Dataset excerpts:
= = = =
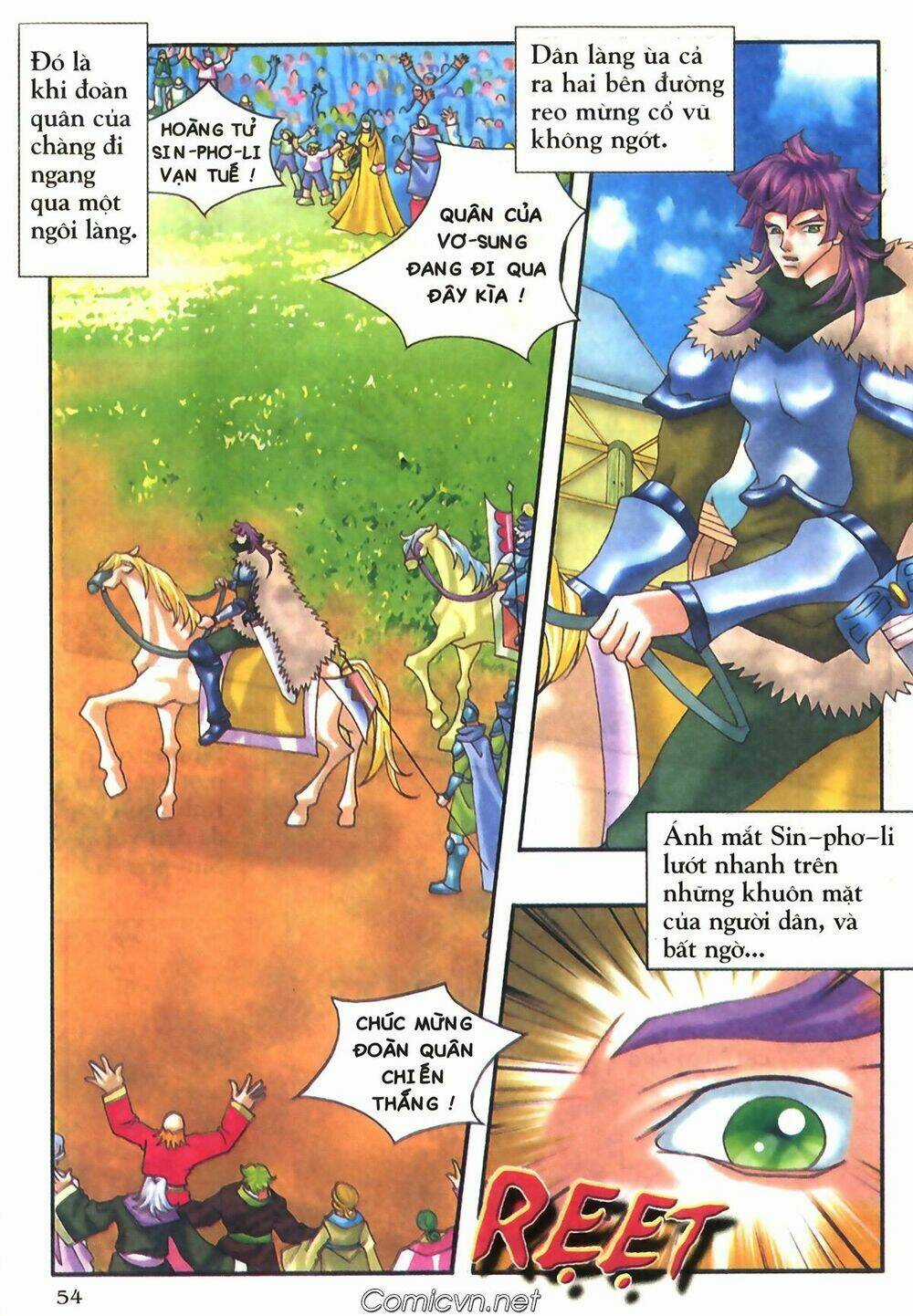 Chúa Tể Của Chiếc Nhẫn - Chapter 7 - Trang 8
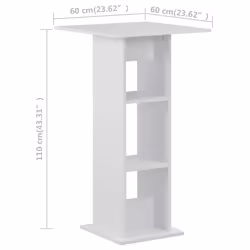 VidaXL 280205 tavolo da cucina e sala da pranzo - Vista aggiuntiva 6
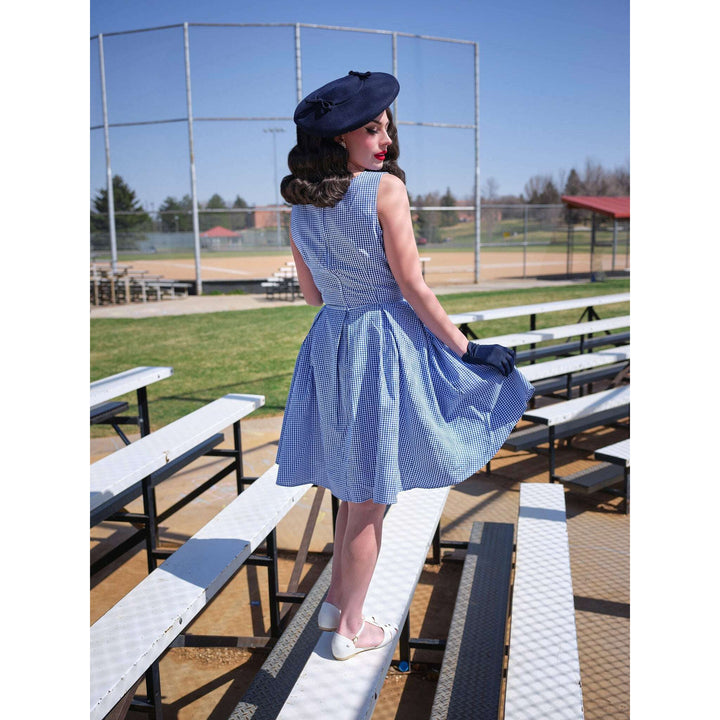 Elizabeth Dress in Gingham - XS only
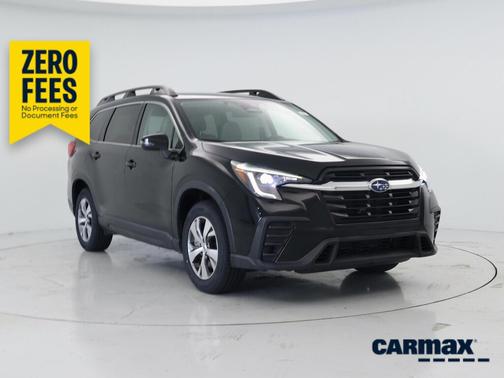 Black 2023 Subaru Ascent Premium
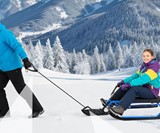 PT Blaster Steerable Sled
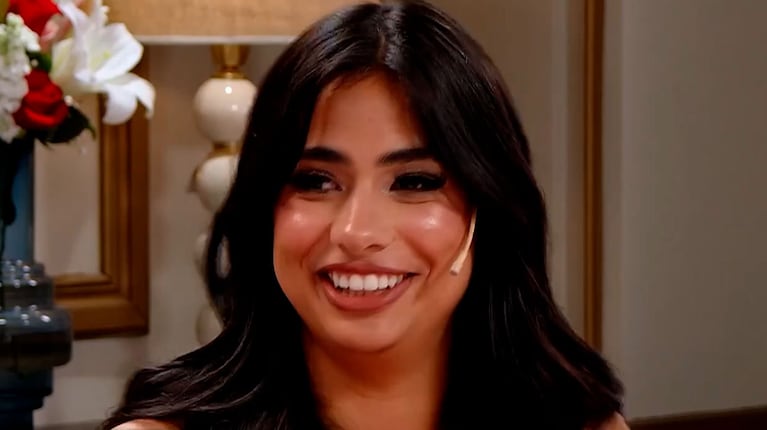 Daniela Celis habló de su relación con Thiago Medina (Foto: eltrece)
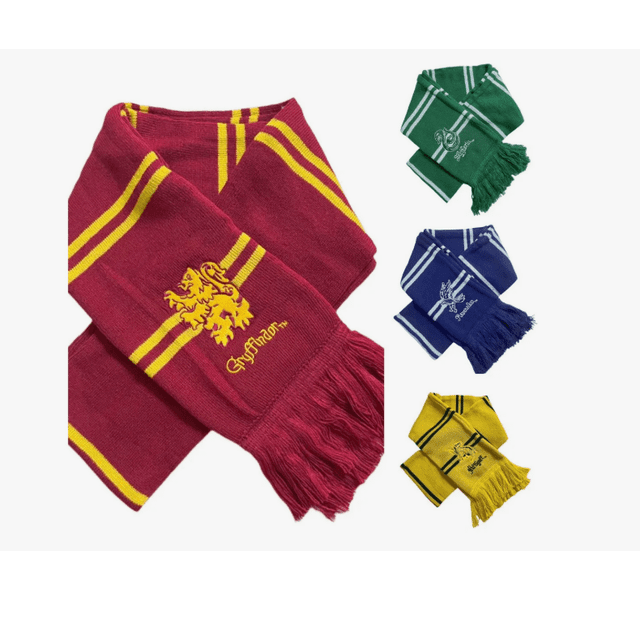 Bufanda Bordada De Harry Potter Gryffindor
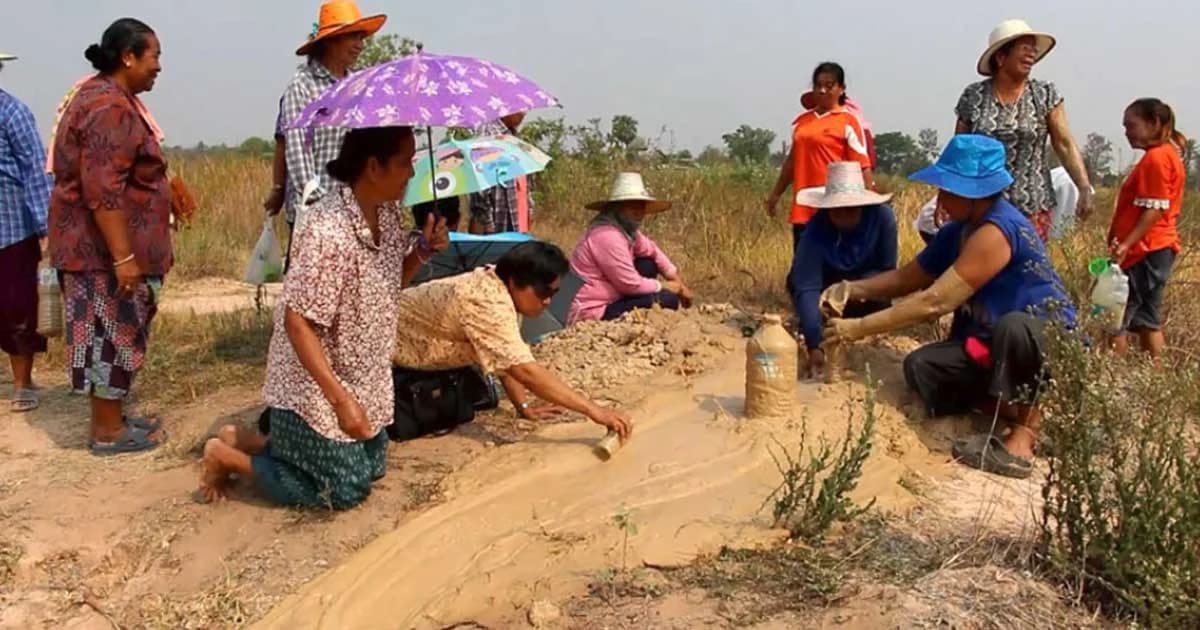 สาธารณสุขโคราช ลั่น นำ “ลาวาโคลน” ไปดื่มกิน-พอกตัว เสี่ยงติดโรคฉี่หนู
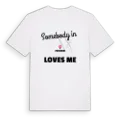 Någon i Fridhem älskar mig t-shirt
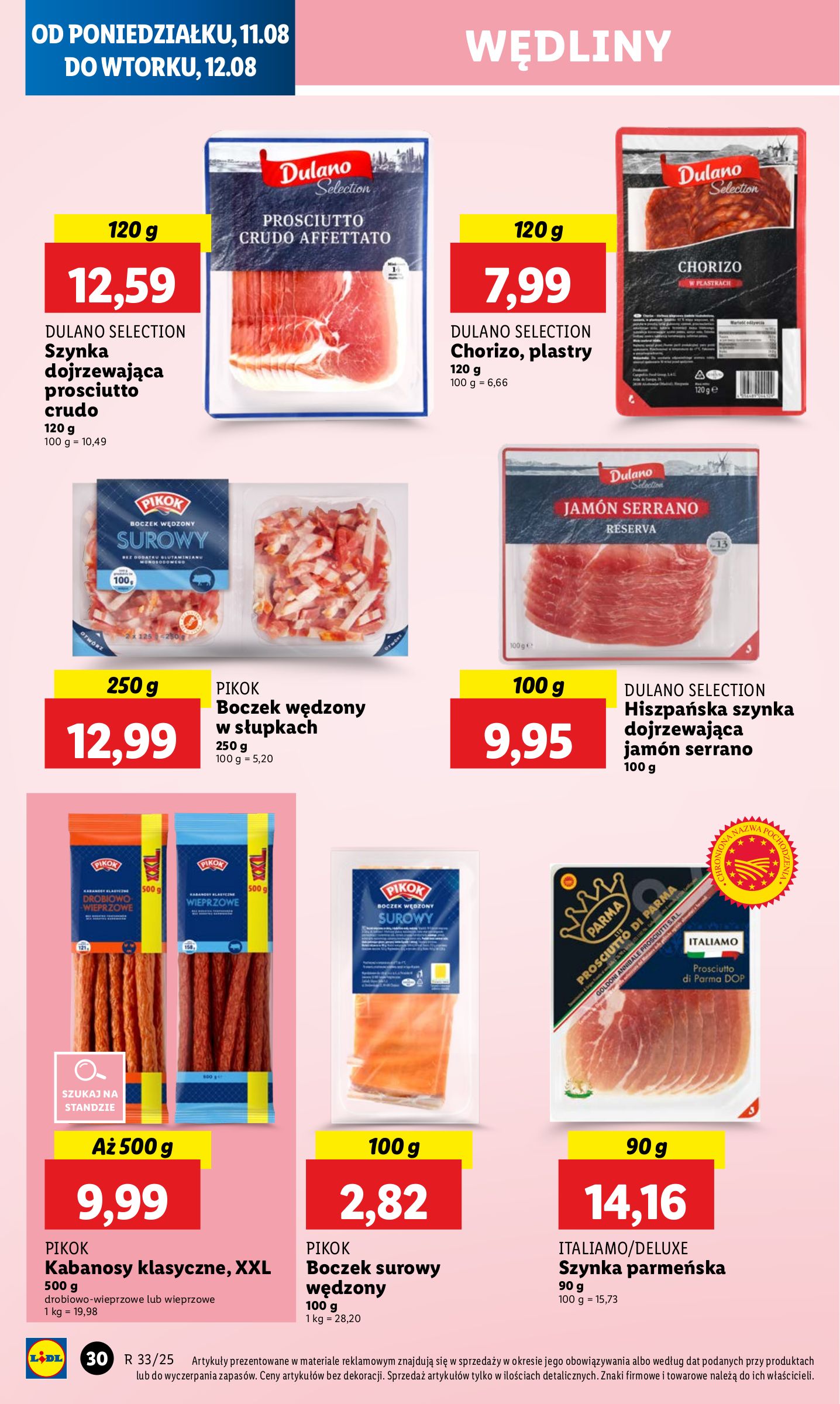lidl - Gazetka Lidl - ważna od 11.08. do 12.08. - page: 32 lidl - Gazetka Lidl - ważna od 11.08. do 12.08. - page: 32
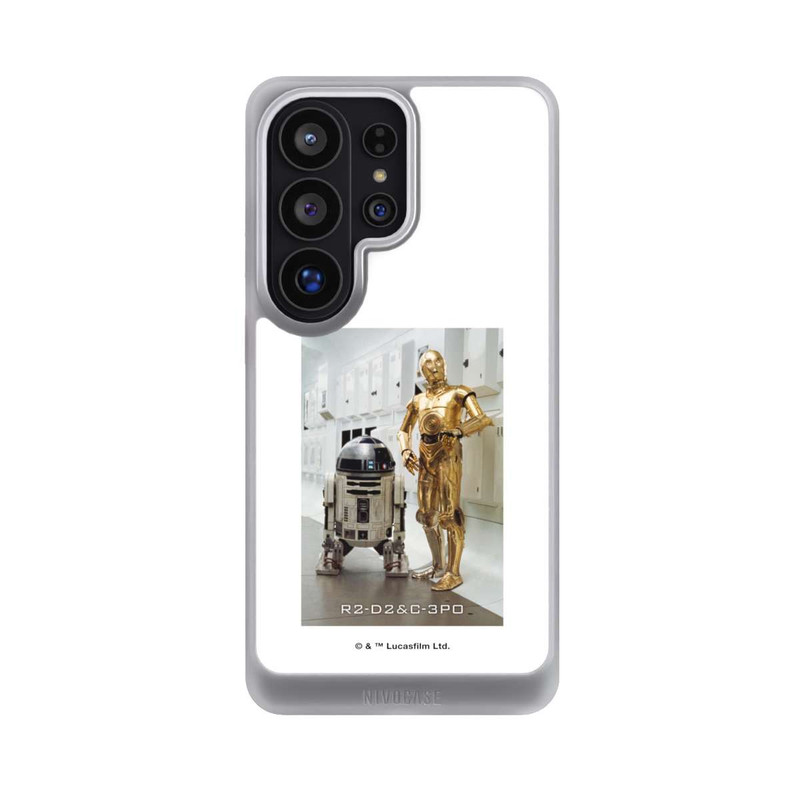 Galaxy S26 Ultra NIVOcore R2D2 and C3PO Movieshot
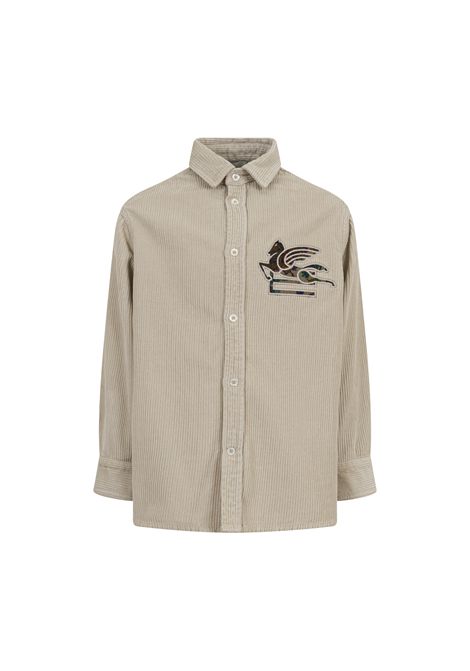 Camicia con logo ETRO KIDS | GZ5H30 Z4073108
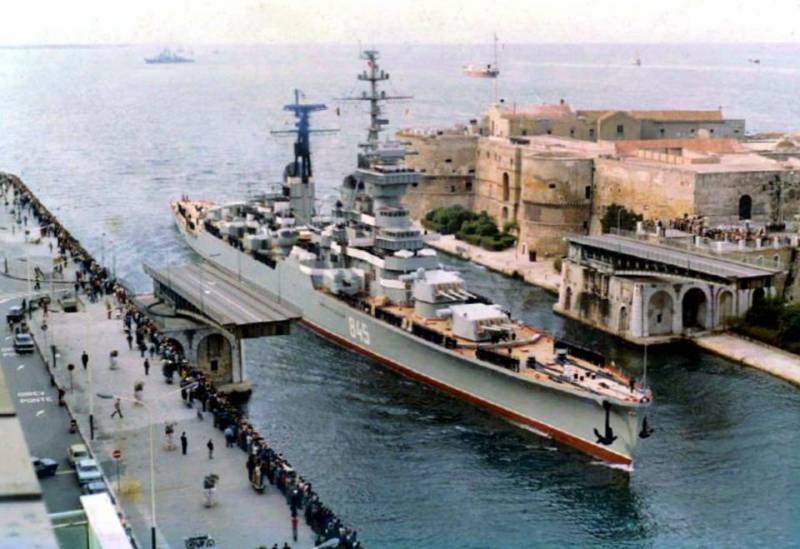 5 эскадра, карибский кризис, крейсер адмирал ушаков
= = = =
* ACTION ITEM
Your answer must be exactly the lines from the one with "PT Blaster Steerable Sled" through the last line of the entries, both included, with no pictures; please add nothing else.

* RESPONSE TO THE TASK
 PT Blaster Steerable Sled
 Daniela Celis habló de su relación con Thiago Medina (Foto: eltrece)
 Bufanda Bordada De Harry Potter Gryffindor
 สาธารณสุขโคราช ลั่น นำ “ลาวาโคลน” ไปดื่มกิน-พอกตัว เสี่ยงติดโรคฉี่หนู
 Någon i Fridhem älskar mig t-shirt
lidl - Gazetka Lidl - ważna od 11.08. do 12.08. - page: 32 lidl - Gazetka Lidl - ważna od 11.08. do 12.08. - page: 32
 Galaxy S26 Ultra NIVOcore R2D2 and C3PO Movieshot
 Camicia con logo ETRO KIDS | GZ5H30 Z4073108
 5 эскадра, карибский кризис, крейсер адмирал ушаков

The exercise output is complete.